Raghu Rai
This is a collection of articles archived for the excellence of their content. |
A brief profile, as in 2015
Kaveree Bamzai, Raghu Rai's people, India Today
Saints and sinners, politicians and performers, history and humdrum reality. Fifty years of India through the eyes of an impassioned archivist.
"All the photographers were positioned at the foot of Jayaprakash Narayan's bed. I thought Morarji Desai's ears were so distinctive, why not go behind him and shoot JP from there." Typical of Raghu Rai, who for 50 years has been elevating the humdrum news photograph into an art form. Since the time his photographer brother S. Paul handed him his first camera, an Agfa Super Silette, to now, with his digital Nikon D810 and D750, Rai has been stealing beauty and capturing history one frame at a time.
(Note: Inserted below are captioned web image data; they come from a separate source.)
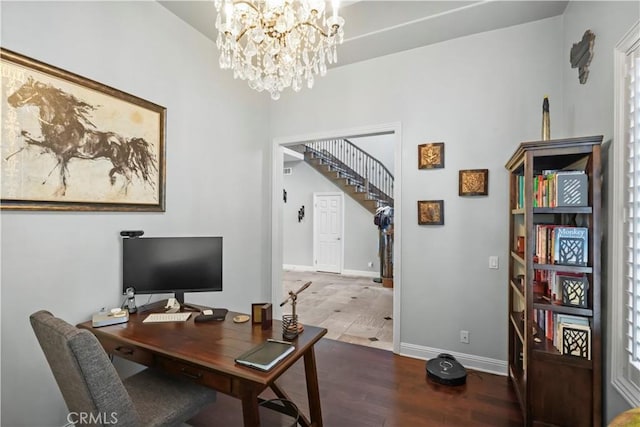 office featuring an inviting chandelier, baseboards, and wood finished floors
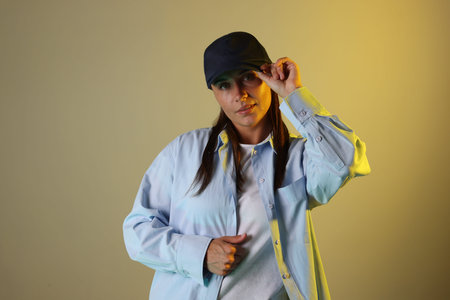 Portrait of beautiful woman wearing baseball cap in neon lights against color background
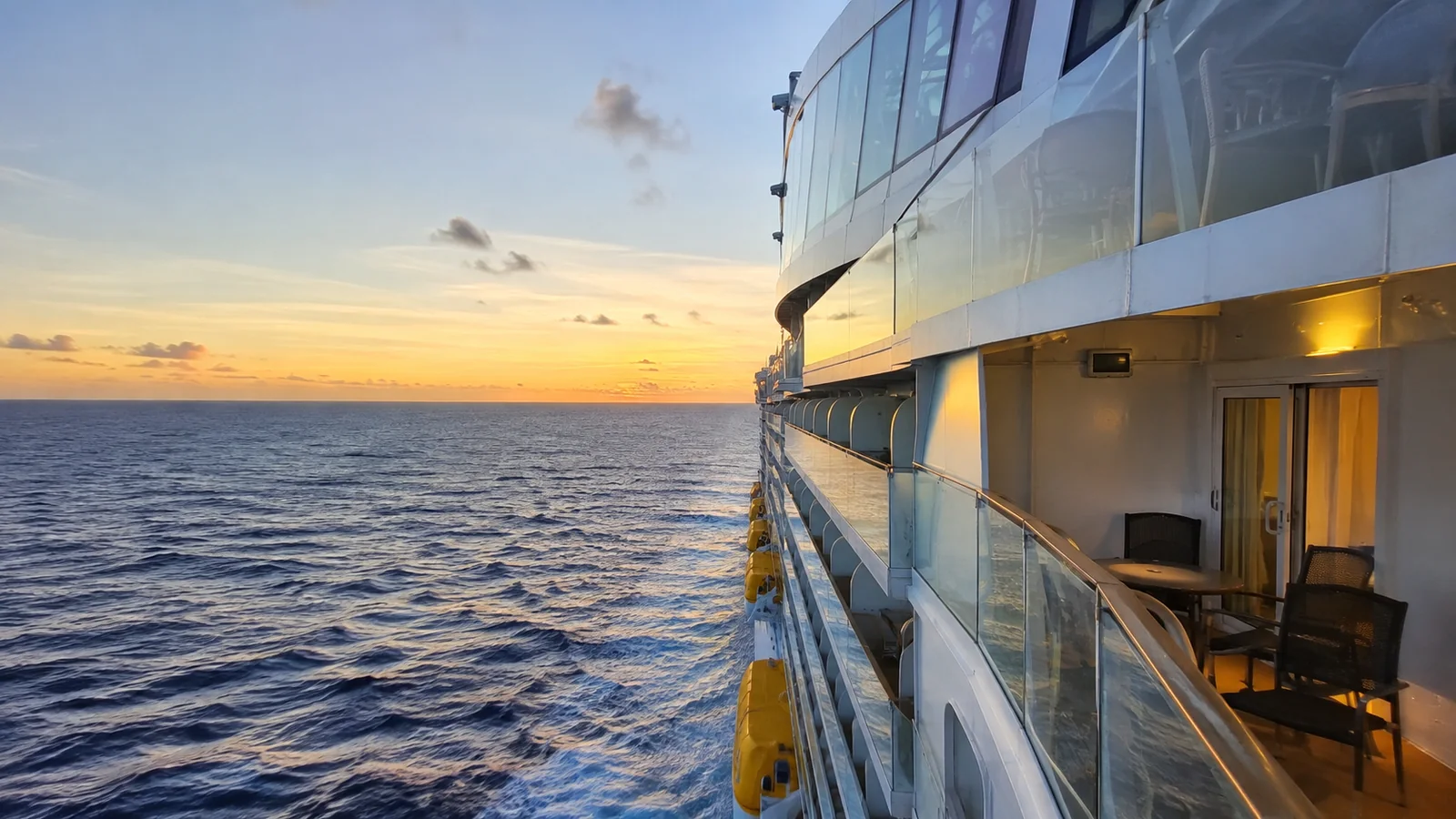 Cruise ship balcony and exterior decks overlooking the ocean at sunset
With his camera almost as a third limb, he has shot politicians and performers, saints and sinners, artists and ingenues-for 10 years with India Today. In Picturing Time: The Greatest Photographs of Raghu Rai, he says he wants his photographs to reflect life's longing for itself. As he writes in the introduction to the book, "Darshan is not merely seeing a particular person or place, but the experiencing of the reality of a place, a person, the physical and the inner aura, reflected in its entirety. That is what I feel great photography is all about."
From the swirl of dust as Indira Gandhi's helicopter takes off from drought-hit Rajasthan to a chaiwala balancing a tray of cups with his body almost entirely suspended from a Delhi-Mumbai train, Rai, who trained as a civil engineer, has been trying to connect with anything and everything, significant or mundane, precious or ordinary. "When you start caring for everything, everything around you starts caring for you in some way or the other, so you stand connected. You connect with every inch of space and respond. It's having a complete awareness of things, and by that I mean not only the physical but also the emotional and spiritual aspect. Photography has been his life, his karma and dharma, which is why he is never satisfied until his aha moment-even if it means asking the prime minister of India to walk on a two-and-a-half-foot parapet in Shimla to get the famous silhouette against the evening sky or borrowing a transport plane from the Indian Air Force chief to fly over the Taj Mahal for an hour in the morning and evening to capture it from the air.
An eclectic retrospective of India by one of its most devoted archivists, Picturing Time is a coffee table book with soul.